(Québec et Ottawa) L’entente Québec-Ottawa accordant une voix au Québec dans la nomination du successeur du juge Clément Gascon à la Cour suprême « n’est pas idéale », mais constitue néanmoins « un premier pas », soutient le premier ministre François Legault.

Comme Justin Trudeau, il a signé cette entente lundi sans qu’il y ait eu d’annonce. Il nie que l’absence d’une annonce conjointe soit une preuve de plus des frictions entre les deux ordres de gouvernement.

Selon l’entente, le comité indépendant du fédéral chargé de recommander une courte liste de candidats sera composé de huit membres, dont cinq proviennent du Québec. Le gouvernement québécois nomme deux de ces membres : la vice-rectrice de l’Université Laval, Eugénie Brouillet, et le professeur au Département de sociologie de l’UQAM, Joseph Yvon Thériault. Québec pourra signifier sa ou ses préférences parmi les noms retenus par ce comité, alors qu’Ottawa conserve sa prérogative dans la décision finale. Cette entente ne prévaut toutefois que pour la nomination du successeur de M. Gascon, qui quittera la Cour suprême le 15 septembre.

Lors d’une mêlée de presse, François Legault a rappelé que son engagement électoral, contenu dans son plan nationaliste, prévoit plutôt la mise en place d’un comité formé par le gouvernement du Québec qui sélectionnerait trois candidatures. Les noms seraient soumis à l’Assemblée nationale pour approbation. La liste serait transmise ensuite à Ottawa pour qu’il fasse un choix.

Dans ce contexte, « ce n’est pas idéal comme entente. C’est un premier pas », a-t-il soutenu. « On voulait être capable […] de soumettre des noms et que ce soit parmi ces noms que le fédéral choisit. Maintenant, on a une bonne étape de franchie, une étape importante où là, le Québec va participer dans un comité où on va nommer deux personnes. »

Pour la ministre de la Justice, Sonia LeBel, la promesse de la CAQ nécessiterait ultimement une modification constitutionnelle. Le dépôt d’un projet de loi en vue de réaliser cet engagement n’est donc pas sur l’écran radar du gouvernement « à court terme ».

« Soyons optimistes », a répondu François Legault lorsqu’on a lui a demandé s’il croit possible d’arriver à modifier la Constitution pour que sa promesse se concrétise. « On a devant nous des années qui s’en viennent, et j’ai confiance qu’on va faire des gains avec le fédéral. »

Sonia LeBel a quant à elle parlé d’une « entente historique », « un précédent » que le gouvernement du Québec cherchera à « rendre pérenne » en vue de prochaines nominations. Il y a trois sièges réservés au Québec parmi les juges de la Cour suprême.

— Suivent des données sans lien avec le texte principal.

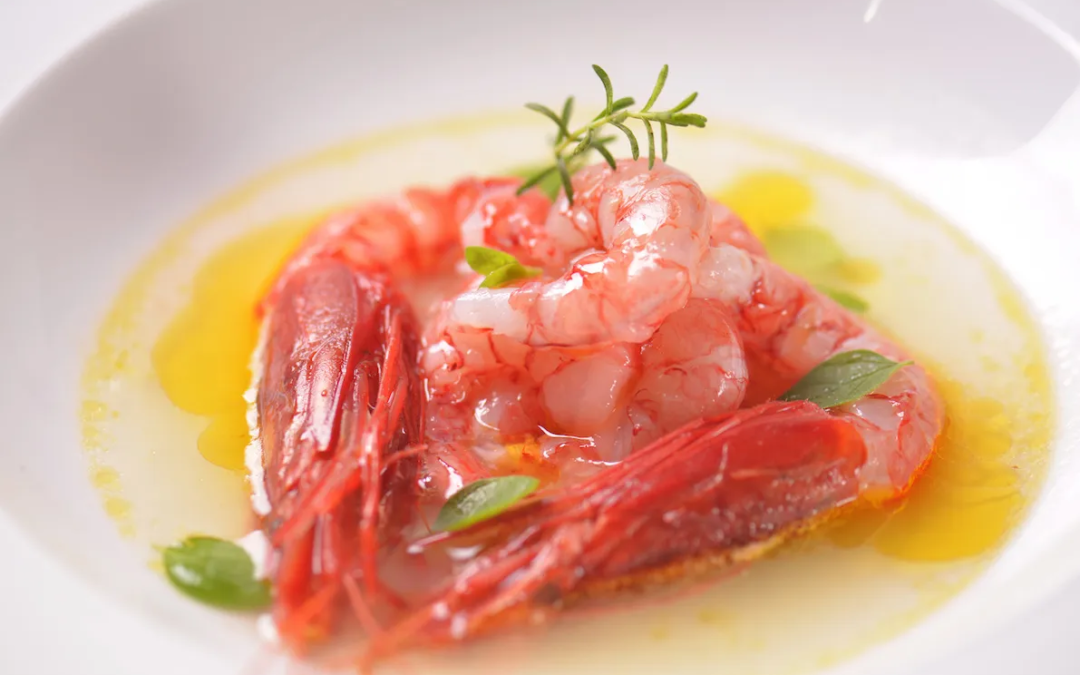 Red prawn crudo with olive oil and herbs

Une entente « pour durer », espère Lametti

Sur l’autre colline, son homologue fédéral David Lametti a également parlé d’un jalon de l’« histoire » dans les relations Ottawa-Québec. Et lui aussi espère que l’entente est là « pour durer » ; qu’elle servira de canevas pour les prochaines nominations.

Il a convenu qu’il serait impossible de savoir si les ministres ont proposé la même candidature, ou encore sur laquelle le premier ministre canadien décide finalement de jeter son dévolu.

L’accord a été conclu alors que Justin Trudeau s’apprête à nommer un magistrat pour combler le siège que laissera vacant le juge Clément Gascon. Ce dernier a causé une frousse mercredi passé en disparaissant de façon inexpliquée pendant quelques heures.

Le magistrat âgé de 58 ans a levé le voile sur la dépression dont il souffre depuis plus d’une vingtaine d’années, attribuant à une crise de panique cette disparition « inédite et inhabituelle » dans un communiqué publié mardi, qui lui a valu une vague d’appuis.

Le ministre Lametti s’est dit « très fier » que le juge ait eu le « courage » de se livrer ainsi, assurant avoir pleine confiance en lui. « La dépression, c’est quelque chose que beaucoup de monde vit », a-t-il commenté en mêlée de presse au parlement.

La date du départ du magistrat québécois a été fixée le 15 septembre prochain. Comme le permet la Loi sur les juges, il peut demeurer en poste jusqu’à six mois après cette date pour rédiger des jugements sur des causes qu’il a entendues.

Au bureau du premier ministre Trudeau, on a l’intention de le remplacer bien avant la tenue du scrutin.